Jesús lo que hace en el encuentro con nosotros es ponernos dentro, en el eje de nuestra vida, el Rostro Misericordioso del Padre y a partir de allí, éste que es el anuncio del Reino, el Padre, que es el Padre de la Misericordia, comienza nuestro proceso de transformación. Por eso, después de haber analizado que es lo que hay que cambiar, que es lo que debe transformarse en mi vida, que es lo que debo sacar como obstáculo que impide que aparezca lo mejor que hay en mi, después de hacer éste proceso de reconocimiento del propio terreno, es en el encuentro con Jesús, en el silencio de la oración, en el cara a cara con El dónde, si lo escuchamos y lo recibimos, si lo nuestro no es un monólogo sino un diálogo abierto primero a la escucha y su iniciativa, y de respuesta a su querer, entonces se nos instala dentro la Misericordia que es el lugar desde donde se hace el proceso de transformación interior, de penitencia interior.

Es la Misericordia la que lidera la transformación de la vida. ¿Yo quiero cambiar?, ¿yo quiero ser distinto?, ¿a mí me parece que la vida como va no tiene más sentido?, que, a pesar de mis esfuerzos, no logro alcanzar lo que hay de expectativa grande en mi corazón?, entonces te invito a que te abras a un encuentro con Jesús que te rebele la Misericordia del Padre. Todo el mensaje de Jesús tiene un sólo cometido, instalar en el corazón de la humanidad el rostro del Padre, y el Padre es el Padre de la Misericordia.

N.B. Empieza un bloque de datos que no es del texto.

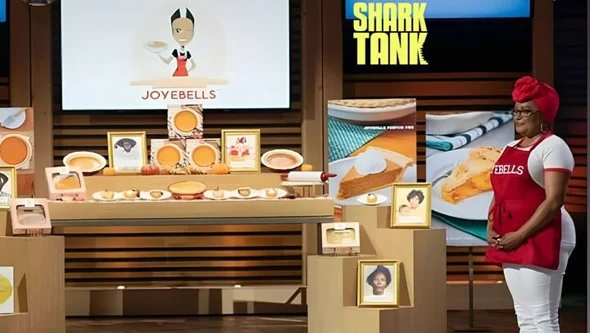 Joyebells – Shark Tank Season 16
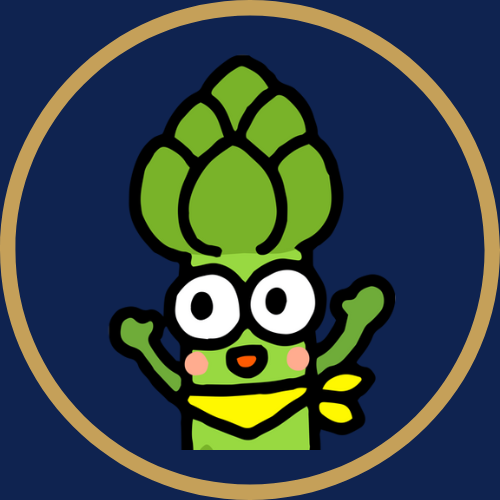 funcref代表 アスパラ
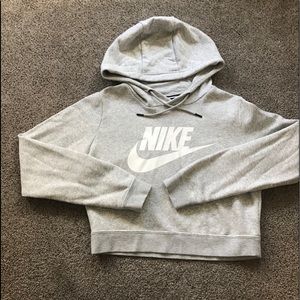 Nike Sweatshirt Hoodie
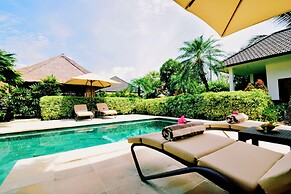 Villa Mahkai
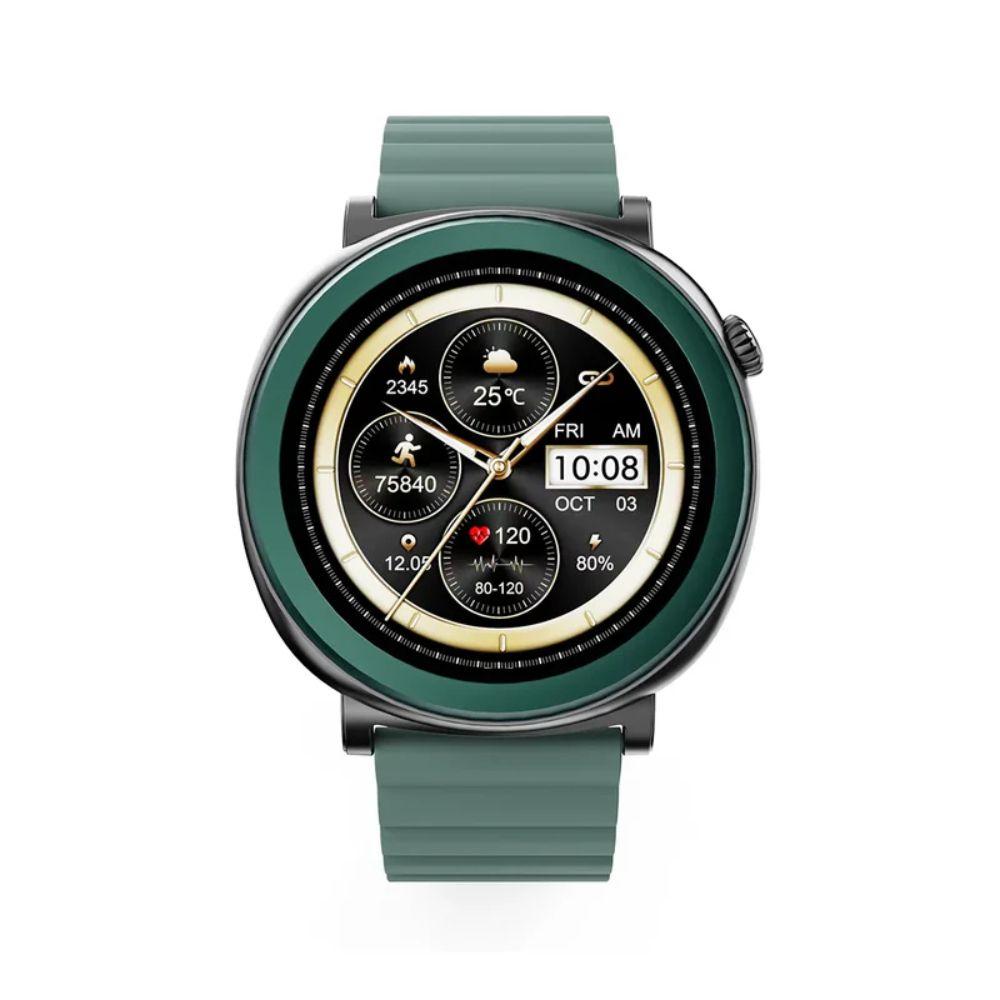 Smartwatch Aurora HiFuture AMOLED 170 Deportes e IP68-0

Que haya un renacimiento en nosotros a la vida nueva en el Espíritu, ese Espíritu que Dios nos regala y que hoy en La Palabra, en Ezequiel 36 el Señor nos promete para un tiempo de conversión, un tiempo nuevo. “Les voy a arrancar un corazón de piedra y les voy a dar un corazón de carne, lo voy a hacer por la Gracia del Espíritu que va a establecer una Nueva Alianza con ustedes, Yo voy a ser el Dios de ustedes y ustedes serán un pueblo”.

Que el Señor nos de ésta Gracia de Conversión por la obra del Espíritu en nuestro corazón.